Sans oublier les mots moyenâgeux en langues anciennes locales, liés aux fonctions ou statuts parfois non expliqué, ou insuffisamment expliqués…
Je ne saurai trop à qui attribuer ces approximations (à l’auteur ? à la traductrice ?), mais quoi qu’il en soit, le résultat est que j’imagine que d’autres approximations ont pu m’échapper étant donné que je ne connais rien à cette époque particulière, et que je peux avoir été induite en erreur dans les subtilités de ce qui me sera expliqué sur le contexte historique.
De fait, je ne suis pas sûre de ce que je croirai avoir appris de ma lecture et n’en serait pas franchement satisfaite pour l’édification de ma culture générale.

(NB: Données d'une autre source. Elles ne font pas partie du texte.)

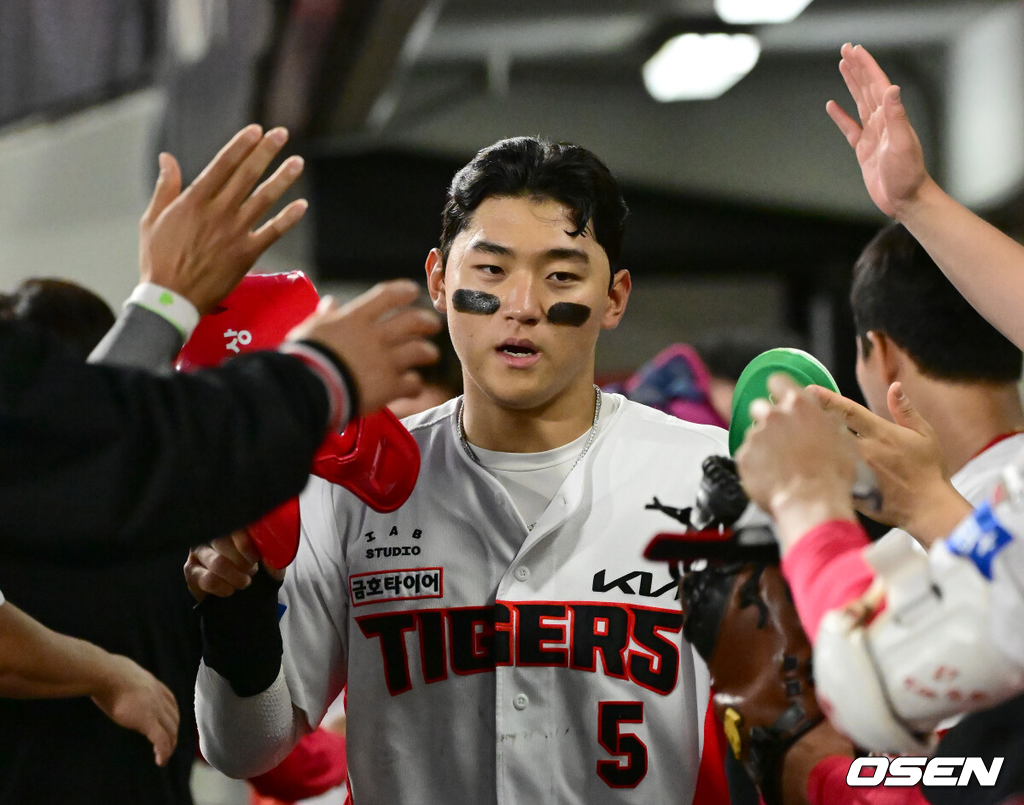 15일 오후 광주 북구 기아챔피언스필드에서 ‘2025 신한 SOL Bank KBO리그’ KIA 타이거즈와 롯데 자이언츠의 경기가 열렸다.KIA는 선발투수로 올러, 롯데는 나균안을 내세웠다.3회말 무사 만루 KIA 김선빈의 2타점 적시타 때 2루주자 김도영이 득점을 올린 뒤 더그아웃에서 동료 선수들과 기쁨을 나누고 있다. 2025.05.15 / ksl0919@osen.co.kr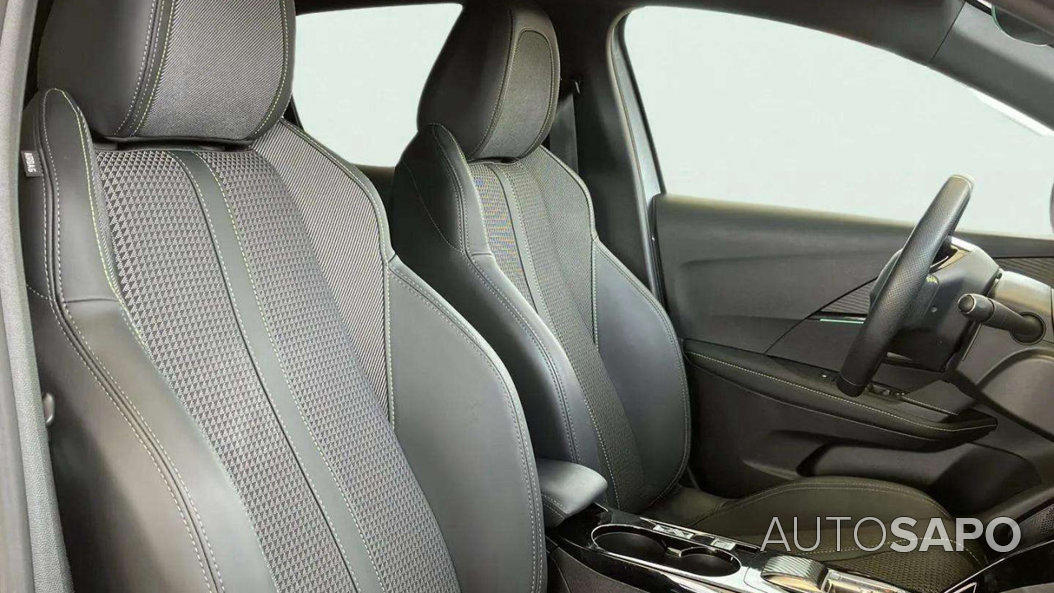 Peugeot E-208 de 2022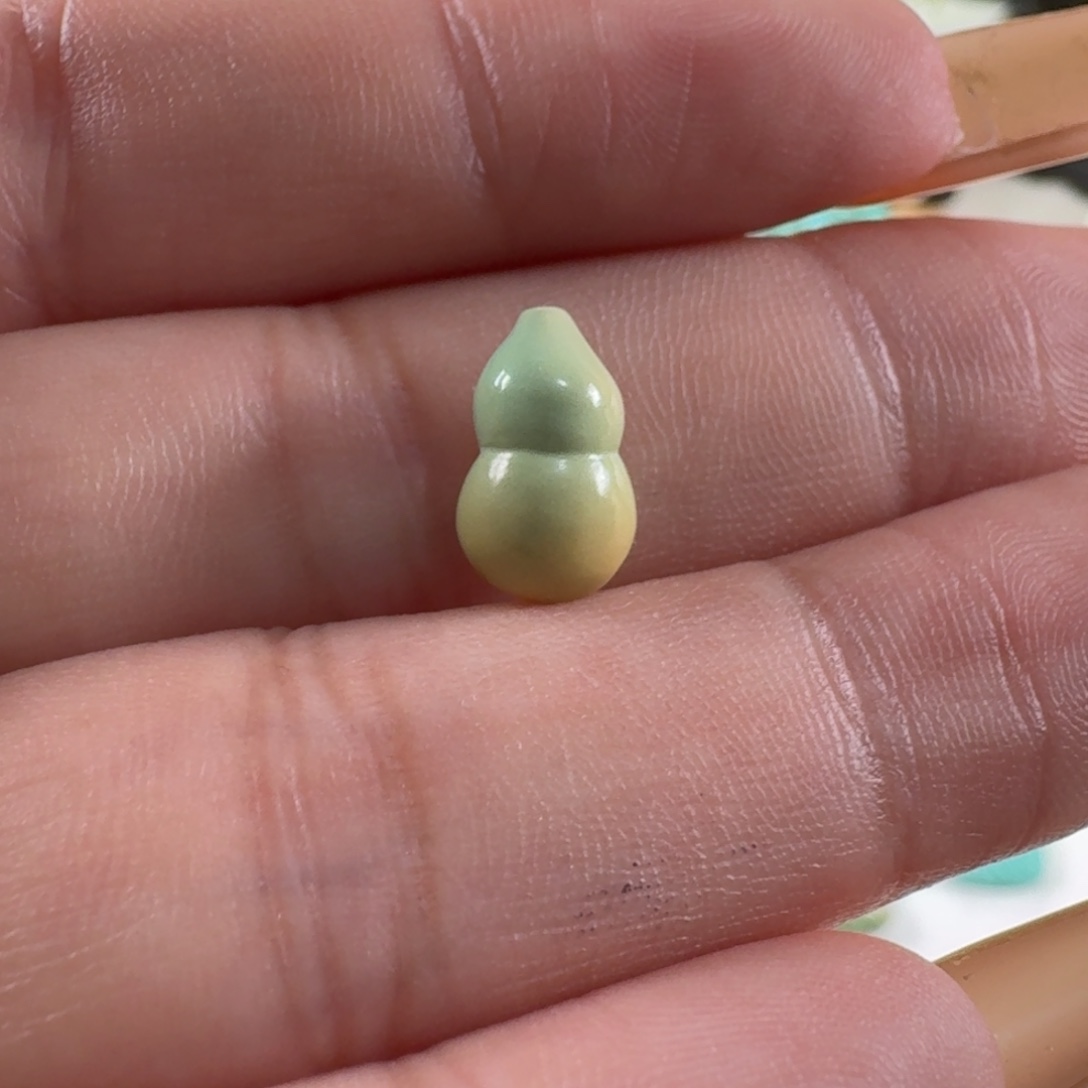 *****绿松石未镶嵌颈饰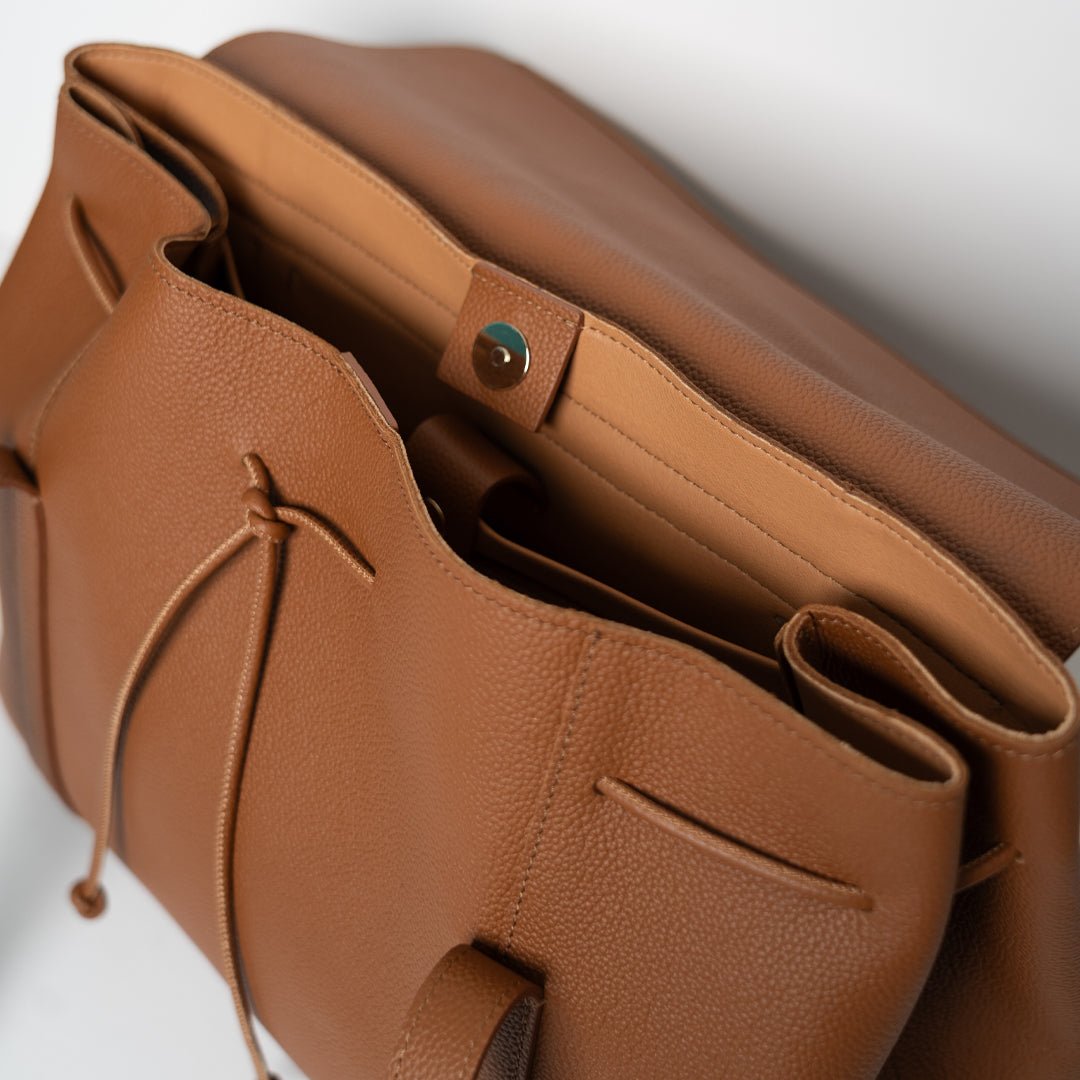 ann-kurz-the-greatest-shopper-shopper-grain-leather-brown-laptop image 3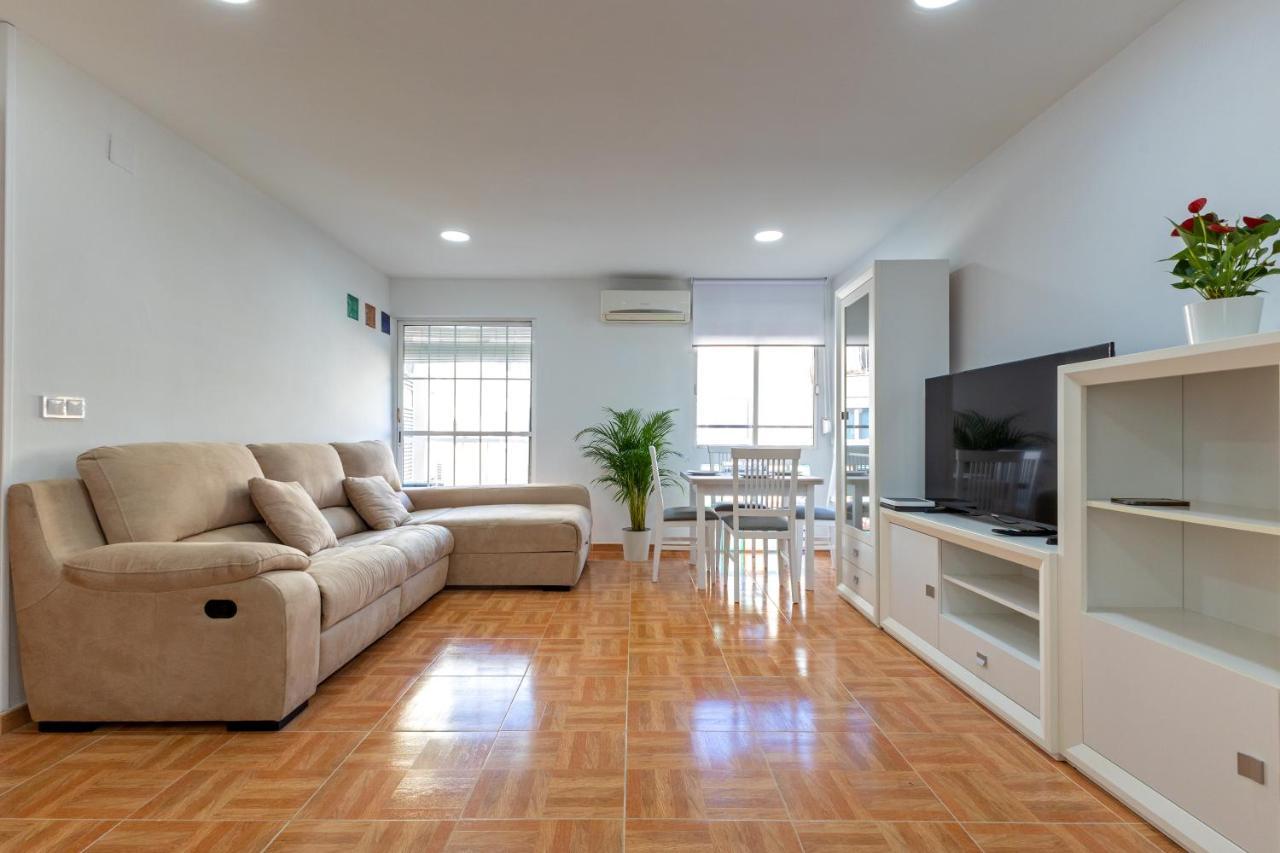 Charming 2 Bedroom Apartment At Triana Center By Oui Sevilla Eksteriør billede
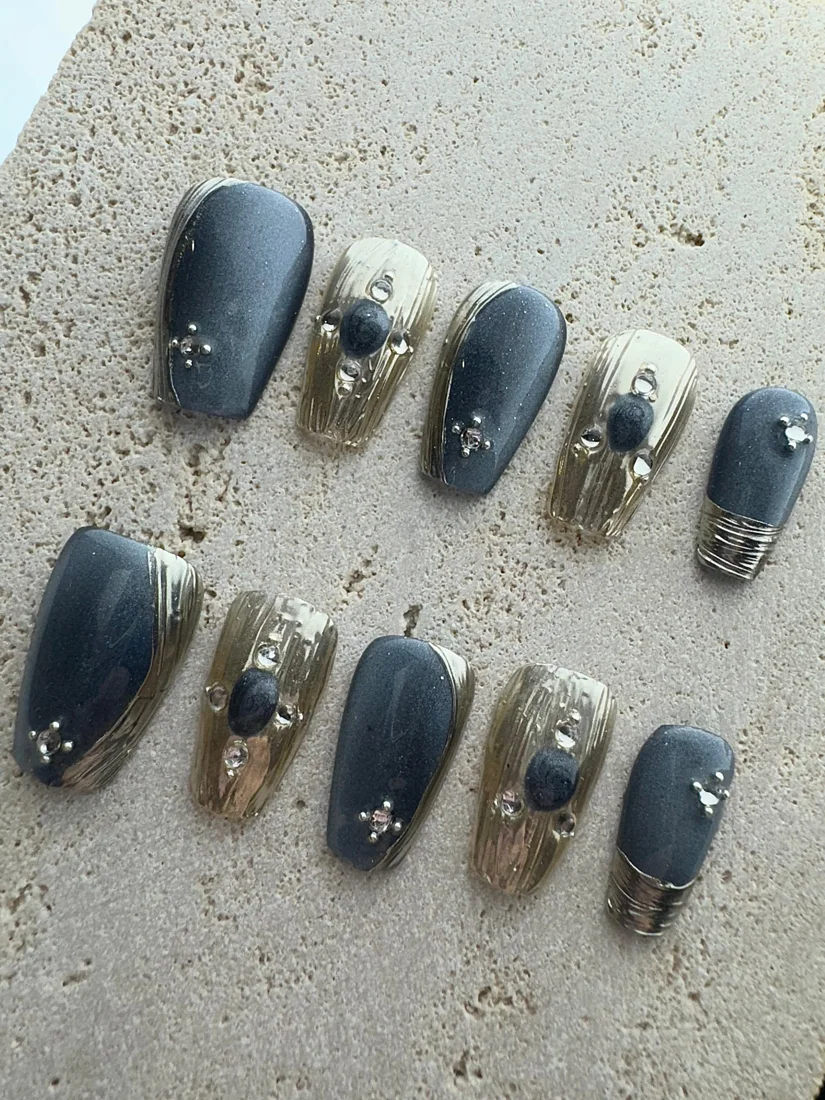 Loyal Blue Star Press On Nails detail 4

Et ça c’est un peu décevant.
L’intrigue est honorable mais n’a pu que souffrir dans son développement des défauts inhérents au trop faible nombre de pages et au déséquilibre entre son traitement et la présentation du contexte historique.
En outre, je me demande même si l’héroïne est si sympathique que cela. Elle est parfois un brin pète-sec et limite imbue d’elle-même face à certains personnages à qui elle va reprocher la même chose.
Comme elle a beaucoup investi le champ du savoir, la question de savoir qui a le plus grand savoir va revenir sur le tapis à chaque rencontre décisive et j’ai trouvé ça limite pénible. Je sais que c’est dur d’être reconnue en tant que femme de tête et encore plus à cette époque…
Mais les concours de quéquettes qui m’ennuient déjà quand ils opposent des hommes, me navrent carrément quand ils impliquent aussi des femmes qui acceptent de s’approprier les défauts des hommes. Mais l’auteur étant un homme, il a peut-être oublié que les femmes et qui plus est quand elles sont instruites, évitent de se vautrer dans leurs travers ?
Bon elle n’a pas que des mauvais côtés évidemment, mais en même temps l’auteur la rend tellement surhumaine que forcément ça n’en est pas totalement crédible parce que… je me sens jalouse.
Ce livre est la première aventure de Sœur Fidelma. Peut-être ne s’agit-il que d’un tour de chauffe et que l’auteur a pu poursuivre son œuvre en s’appesantissant moins sur le contexte ou du moins en équilibrant mieux l’intégration des éléments historiques au développement de l’intrigue ?
Anybref, avant de mettre ma note, je rappelle que celle-ci n’est jamais représentative que du plaisir que j’ai pu prendre (ou pas) à lire un livre, ce qui signifie que quelqu’un d’autre pourrait tout à fait avoir envie de donner une autre note que la mienne en fonction du plaisir qu’il ou elle aura pu y trouver.
Ne vous arrêtez pas à mon avis si le sujet peut vous intéresser. Au contraire, lisez le livre et venez me dire en quoi vous seriez d’accord ou non avec moi.
Mais moi vous l’aurez bien compris… je n’ai pas eu ici le plaisir escompté en me lançant dans cette lecture.